Ecco che cosa è accaduto nel biennio Benitez. Una chiusura a riccio tristemente sintetizzata dalla richiesta del perpetuo ritiro punitivo dell’anno scorso confluita nell’odierna retorica del sudore. Un processo di autoghettizzazione che sta raggiungendo livelli parossistici. Non sappiamo se sarà sempre così (ci auguriamo di no e nel nostro piccolo lottiamo perché ciò non avvenga). Di certo è accaduto anche domenica sera, quando al primo passaggio a vuoto una discreta fetta di pubblico ha cominciato a rumoreggiare. O in settimana, quando le minacce a De Laurentiis (il cattivo, il pappone, il romano, un forestiero pure lui) sono passate in cavalleria di fronte all’affronto subito per il mancato arrivo di Soriano. De Laurentiis è spregevole come a lungo lo è stato Ferlaino, non a caso spesso contestato nonché oggetto di attacchi violenti di vario tipo.
Avere una mentalità vincente significa saper perdere.
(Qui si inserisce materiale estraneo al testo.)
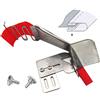 ckpsms Marca -1SET # KP-123 Macchina da Cucire Doppia Piegatura Finitura Pulita Rilegatura Superiore e Inferiore Attacco per Rilegatura (Tape Size 1-3/16=30MM)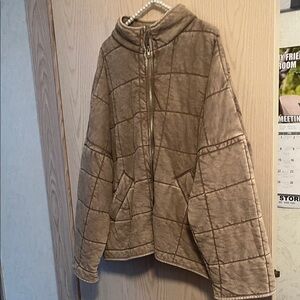 Forever 21 Tan Bomber Jacket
Significa saper accettare la sconfitta. Significa saper ingoiare amaro. Significa interrogarsi sui perché di una sconfitta. Significa perdere una finale di Champions dopo aver chiuso il primo tempo per 3-0 e rivincerla due anni dopo contro quella stessa squadra.
Sacchi ha detto il vero, ahinoi. Siamo stati una nuvola passeggera nell’olimpo del calcio. Abbiamo vissuto un solo giorno, come le rose. E viviamo solo di ricordi. Passato Maradona, siamo tornati alla nostra realtà, alla nostra dimensione. E guai se arriva qualcuno che desidera portarci in alto. Non ce la facciamo, non reggiamo la tensione. Diventa il nostro peggior nemico, perché per vincere bisogna avere pure un cuore robusto. E noi non ce l’abbiamo.